Wadada Leo Smith Visits 'America's National Parks,' Cuneiform Records [REVIEW]
With the release of the epic two-CD America's National Parks (Cuneiform Records), avant-garde trumpet man Wadada Leo Smith can officially be called his generation's Ornette Coleman. Although they play different instruments, there's a definite parallel between Smith's massive work about the natural resources of the U.S.-designated as the birthright of all Americans, like Yellowstone, the Mississippi River and Yosemite-and Coleman's sweeping 1972 Skies of America.

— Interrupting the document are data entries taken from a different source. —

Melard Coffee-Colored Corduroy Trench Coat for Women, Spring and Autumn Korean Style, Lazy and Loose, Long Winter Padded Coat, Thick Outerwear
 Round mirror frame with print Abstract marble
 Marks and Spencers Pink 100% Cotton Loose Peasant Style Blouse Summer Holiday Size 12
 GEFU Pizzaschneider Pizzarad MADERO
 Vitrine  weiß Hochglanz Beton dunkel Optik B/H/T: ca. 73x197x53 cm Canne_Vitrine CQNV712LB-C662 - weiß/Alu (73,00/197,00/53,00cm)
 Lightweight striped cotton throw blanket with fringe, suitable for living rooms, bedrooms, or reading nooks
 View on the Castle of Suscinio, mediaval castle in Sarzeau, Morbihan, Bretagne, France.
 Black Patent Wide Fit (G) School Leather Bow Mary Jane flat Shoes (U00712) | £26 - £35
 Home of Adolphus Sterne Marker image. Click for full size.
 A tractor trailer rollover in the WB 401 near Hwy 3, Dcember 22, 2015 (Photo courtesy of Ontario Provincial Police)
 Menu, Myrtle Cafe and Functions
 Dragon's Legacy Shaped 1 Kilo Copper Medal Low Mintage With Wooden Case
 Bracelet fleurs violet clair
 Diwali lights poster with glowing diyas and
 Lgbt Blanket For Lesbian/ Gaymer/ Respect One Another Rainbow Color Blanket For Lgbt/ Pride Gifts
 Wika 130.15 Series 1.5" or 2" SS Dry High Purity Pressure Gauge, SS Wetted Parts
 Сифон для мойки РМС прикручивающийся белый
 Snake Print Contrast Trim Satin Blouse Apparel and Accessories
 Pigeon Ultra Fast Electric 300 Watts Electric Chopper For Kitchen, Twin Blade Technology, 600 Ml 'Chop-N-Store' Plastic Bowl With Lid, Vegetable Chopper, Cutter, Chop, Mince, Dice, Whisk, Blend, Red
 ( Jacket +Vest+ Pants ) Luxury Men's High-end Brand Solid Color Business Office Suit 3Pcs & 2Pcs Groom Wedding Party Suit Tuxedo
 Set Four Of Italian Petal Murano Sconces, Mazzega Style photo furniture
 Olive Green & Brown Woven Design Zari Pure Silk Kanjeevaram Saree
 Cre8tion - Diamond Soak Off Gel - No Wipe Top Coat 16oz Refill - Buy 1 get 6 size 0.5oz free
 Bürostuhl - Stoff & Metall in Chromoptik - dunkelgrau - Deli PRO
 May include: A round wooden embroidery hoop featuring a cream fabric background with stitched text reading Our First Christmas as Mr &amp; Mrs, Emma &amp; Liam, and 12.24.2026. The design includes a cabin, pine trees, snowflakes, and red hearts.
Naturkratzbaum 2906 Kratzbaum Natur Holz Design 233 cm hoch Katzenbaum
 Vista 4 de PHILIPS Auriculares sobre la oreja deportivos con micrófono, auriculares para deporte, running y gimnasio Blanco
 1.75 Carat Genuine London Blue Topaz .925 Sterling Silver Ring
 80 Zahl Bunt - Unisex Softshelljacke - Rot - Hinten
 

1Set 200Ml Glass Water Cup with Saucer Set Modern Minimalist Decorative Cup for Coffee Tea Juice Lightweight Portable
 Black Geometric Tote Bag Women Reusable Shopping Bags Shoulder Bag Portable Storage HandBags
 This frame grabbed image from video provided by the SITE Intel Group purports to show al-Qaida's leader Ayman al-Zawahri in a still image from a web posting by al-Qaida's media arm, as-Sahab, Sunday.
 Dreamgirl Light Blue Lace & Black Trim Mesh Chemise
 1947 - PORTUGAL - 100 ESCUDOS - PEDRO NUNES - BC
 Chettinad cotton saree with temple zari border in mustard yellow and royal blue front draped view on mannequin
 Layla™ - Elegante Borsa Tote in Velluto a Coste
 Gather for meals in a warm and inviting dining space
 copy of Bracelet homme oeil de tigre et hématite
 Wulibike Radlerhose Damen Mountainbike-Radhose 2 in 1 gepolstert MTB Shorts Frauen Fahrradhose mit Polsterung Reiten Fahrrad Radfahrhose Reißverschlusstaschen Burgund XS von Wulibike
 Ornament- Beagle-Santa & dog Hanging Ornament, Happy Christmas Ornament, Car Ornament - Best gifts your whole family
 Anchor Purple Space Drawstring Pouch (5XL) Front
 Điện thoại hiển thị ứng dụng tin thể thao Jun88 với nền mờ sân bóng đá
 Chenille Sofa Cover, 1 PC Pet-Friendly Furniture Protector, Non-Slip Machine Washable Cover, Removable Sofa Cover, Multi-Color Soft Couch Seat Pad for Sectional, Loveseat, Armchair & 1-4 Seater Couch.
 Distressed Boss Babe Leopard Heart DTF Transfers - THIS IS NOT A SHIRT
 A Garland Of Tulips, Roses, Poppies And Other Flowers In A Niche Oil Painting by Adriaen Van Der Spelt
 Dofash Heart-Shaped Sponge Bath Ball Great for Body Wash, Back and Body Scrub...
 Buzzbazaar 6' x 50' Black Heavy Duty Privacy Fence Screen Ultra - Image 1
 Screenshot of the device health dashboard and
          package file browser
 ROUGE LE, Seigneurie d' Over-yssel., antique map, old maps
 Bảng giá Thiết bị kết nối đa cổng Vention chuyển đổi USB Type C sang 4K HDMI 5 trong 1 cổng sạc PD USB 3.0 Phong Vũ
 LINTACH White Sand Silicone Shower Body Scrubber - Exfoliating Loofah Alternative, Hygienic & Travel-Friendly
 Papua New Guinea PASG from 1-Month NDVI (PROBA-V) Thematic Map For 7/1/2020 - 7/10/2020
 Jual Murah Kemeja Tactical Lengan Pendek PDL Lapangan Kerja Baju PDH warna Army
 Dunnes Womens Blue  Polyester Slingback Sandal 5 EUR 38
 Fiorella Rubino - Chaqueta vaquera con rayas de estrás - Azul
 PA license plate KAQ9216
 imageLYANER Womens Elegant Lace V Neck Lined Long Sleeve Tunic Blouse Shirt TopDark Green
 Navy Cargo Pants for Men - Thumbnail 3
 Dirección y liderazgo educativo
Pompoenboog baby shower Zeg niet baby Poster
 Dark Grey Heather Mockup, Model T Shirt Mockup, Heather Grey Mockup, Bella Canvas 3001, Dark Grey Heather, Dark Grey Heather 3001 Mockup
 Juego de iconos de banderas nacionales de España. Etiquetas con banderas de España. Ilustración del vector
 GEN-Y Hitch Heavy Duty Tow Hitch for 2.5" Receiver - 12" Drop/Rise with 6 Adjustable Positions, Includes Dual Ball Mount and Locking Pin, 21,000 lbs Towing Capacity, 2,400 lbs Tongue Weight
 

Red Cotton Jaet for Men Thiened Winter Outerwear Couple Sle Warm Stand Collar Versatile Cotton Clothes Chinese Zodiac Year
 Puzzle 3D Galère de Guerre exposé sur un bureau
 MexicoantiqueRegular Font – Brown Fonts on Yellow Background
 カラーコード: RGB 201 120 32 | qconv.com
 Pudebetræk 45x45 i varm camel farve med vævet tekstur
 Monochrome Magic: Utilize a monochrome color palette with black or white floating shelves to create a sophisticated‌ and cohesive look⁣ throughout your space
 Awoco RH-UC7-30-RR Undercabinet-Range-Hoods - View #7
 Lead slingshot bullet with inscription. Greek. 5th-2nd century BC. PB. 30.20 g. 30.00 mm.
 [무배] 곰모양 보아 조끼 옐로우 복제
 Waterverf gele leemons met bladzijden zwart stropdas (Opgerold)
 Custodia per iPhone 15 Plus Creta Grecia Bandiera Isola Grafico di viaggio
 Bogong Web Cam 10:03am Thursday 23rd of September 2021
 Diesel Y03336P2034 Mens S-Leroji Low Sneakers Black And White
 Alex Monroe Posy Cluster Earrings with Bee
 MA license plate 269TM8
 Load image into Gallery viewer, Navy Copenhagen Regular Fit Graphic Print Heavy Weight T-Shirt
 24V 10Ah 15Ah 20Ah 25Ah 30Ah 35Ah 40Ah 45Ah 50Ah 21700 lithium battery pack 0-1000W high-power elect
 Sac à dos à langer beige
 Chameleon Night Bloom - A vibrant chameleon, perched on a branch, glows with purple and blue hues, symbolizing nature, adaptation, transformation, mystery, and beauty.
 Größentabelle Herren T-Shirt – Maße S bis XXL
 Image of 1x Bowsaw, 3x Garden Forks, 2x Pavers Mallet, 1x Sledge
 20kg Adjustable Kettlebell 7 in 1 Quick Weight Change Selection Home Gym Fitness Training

Both artists are visionaries. Coleman came out of Fort Worth Texas to usher in The Shape of Jazz to Come in 1959. Smith came out of Chicago's Association for the Advancement of Creative Musicians (AACM). Coleman won a 2007 Pulitzer. Smith was one of three finalists for a 2013 Pulitzer. This year he did win a Doris Duke Artist Award, an honorary doctorate from CalArts and a Mohn Award for Career Achievement.
Smith's longtime Golden Quartet-pianist Anthony Davis, bassist John Lindberg and drummer Pheeroan akLaff-is joined by cellist Ashley Walters. Smith takes full advantage of the sonic possibilities of a cello/trumpet front line.
Opener "New Orleans: The National Culture Park" was written for that town's cultural history that has informed so much great American music. Over 20 minutes long, it's a somber celebration (check out the excerpt below) leading straight into "Eileen Jackson Southern, 1920-2002, A Literary National Park," named after the author of The Black Perspective in Music. With these first two tracks, Smith expands the vernacular of what constitutes American Treasures.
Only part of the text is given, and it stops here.